Senator Jack Reed critiques Trump policies on tariffs, USAID, NIH cuts, Greenland

By Omar Mohammed, Boston Globe
PROVIDENCE — Senator Jack Reed spoke on Monday at business group New England Council event in the city’s downtown and offered a critique of President Donald Trump’s policies on trade, foreign aid and cuts to scientific research and their impact on America’s role in the world.
Here are some takeaways from Reed’s appearance:
On Trump’s talk of aquiring Greenland
Reed suggested that Trump’s desire to aquire Greeland was an attempt at diverting the focus from economic issues such as elevated inflation.
“I think that this is another one of those absurd positions you never thought he’d take,” he said.
The Senator warned that the Arctic island was part of Denmark, which is a NATO member. Any aggressive actions by the US against it could trigger Article 5 of the treaty that stipulates that an attack against one member country is treated as an attack on the more than 30 countries that are part of it.
“It’s just crazy, you don’t do it that way,” he said, referring to any interest the US may have over the island’s precious metals and minerals. “What happened to old fashioned diplomacy?”
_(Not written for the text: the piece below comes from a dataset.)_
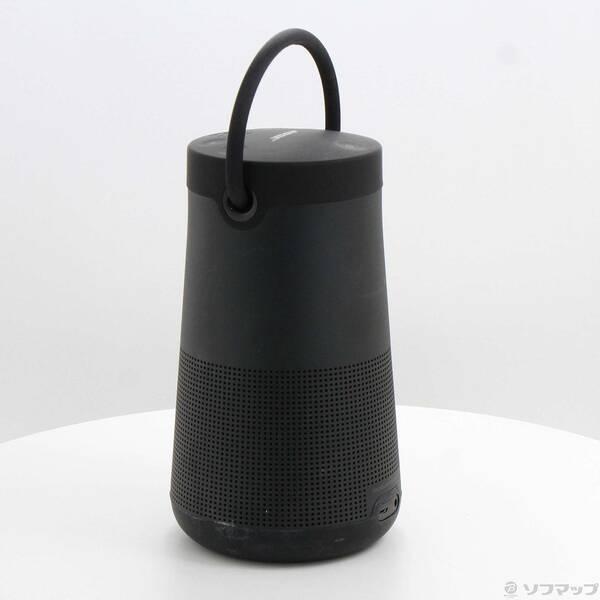〔中古〕BOSE(ボーズ) SoundLink Revolve+ II トリプルブラック〔348-ud〕 |  | 01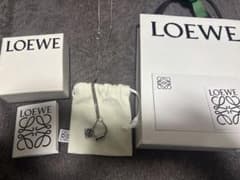 LOEWE ネックレス　アナグラム　パーソナライゼーションのサムネイル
On Senator Chuck Schumer’s future
Reed was asked whether Senate Minority Leader Chuck Schumer was in danger of losing his position after the New York lawmaker supported a Republican spending bill that evaded a government shutdown. Most of his Democratic colleagues in the House and the Senate, including Reed, had opposed the bill.
“No, I don’t think so,” he said.
Schumer has faced pressure to step down since the bill’s passage. Reed said that his colleagues respected Schumer’s dilemma and his unwillingness to allow a shutdown to happen whose consequences could not be predicted.
Still, he said, the Democratic party needed to be more united in their opposition to Trump.
“We need to be much more unified in order to deliver a consistent message and do it effectively,” he said. “So that’s why all this discussion of, well, ‘Get rid of Schumer’ … it doesn’t help us, it helps, frankly, President Trump. We have to come together very quickly.”
On the effect of tarrifs on home building
Since Trump has returned to the White House, he has been clear about his intentions to impose tariffs on Canada, Mexico, and China. He recently threatened to slap a 200 percent surcharge on wine and spirits imports coming from Europe.
Reed suggested that a potential 25 percent tarrif on lumber, which Canada exports to the US, could make construction of new homes expensive and, in turn, harm efforts in New England to build moreaffordable housing.
The Trump administration’s actions could also spark retaliatory tariffs, he said, which would put upward pressure on inflation and make things expensive.
“Tariffs are going to hurt our economy tremendously,” he said.
Reed said that the uncertainty over the on-again, off-again tariff posture of the Trump administration has already been damaging. Stocks have plunged in recent weeks, though on Monday they went up.
“I don’t know what he’s going to do,” he said, referring to the “reciprocal” tariffs the administration has threatened to introduce on April 2. “But the uncertainty is hurting us.”
On dismantling USAID and America’s influence abroad
Secretary of State Marco Rubio said earlier this month that more than 80 percent of programs run by the US Agency for International Development have been eliminated, part of an effort by the administration to significantly pull back the department’s foreign aid work.
The remaining projects will be administered by the State Department, Rubio said.
Reed said on Monday that the dismantling of USAID was “one of the worst foreign policy blunders” undertaken by the new administration.
In Africa, where the US does not have a huge military presence, programs administered by USAID such as the U.S. President’s Emergency Plan for AIDS Relief, which helps countries battle HIV and AIDS, have given the U.S. authority in the region.
“We’re saving people’s lives, maternal health care, vaccinations…And we just left,” he said.
That void, Reed added, will be filled by America’s rivals, such as China and Russia. Terrorist groups may also fill the gap, he added.
“All these things are happening and they’re thoughtless, because pound for pound, the USAID punched above its weight in terms of delivering that kind presence,” he said.
On cutting NIH funding
Reed said that cuts to National Institute of Health to Rhode Island and other New England states would devastate the region’s scientific research future.
“We’ve led the world in research, and now we’re going to cede that probably to the Chinese,” he said. “So we won’t be developing the new products. We won’t develop the products that [help] people.”
Reed suggested that in addition to the economic impact and jobs that will be lost, the cuts would also by such cuts, it was also “dangerous” as undermine the development of scientists in the country. NIH grants help early researchers to fund their work and without it, they could seek their futures elsewhere.
“So you’re just going to turn people away from science [and] that’s going to hurt us tremendously,” he said.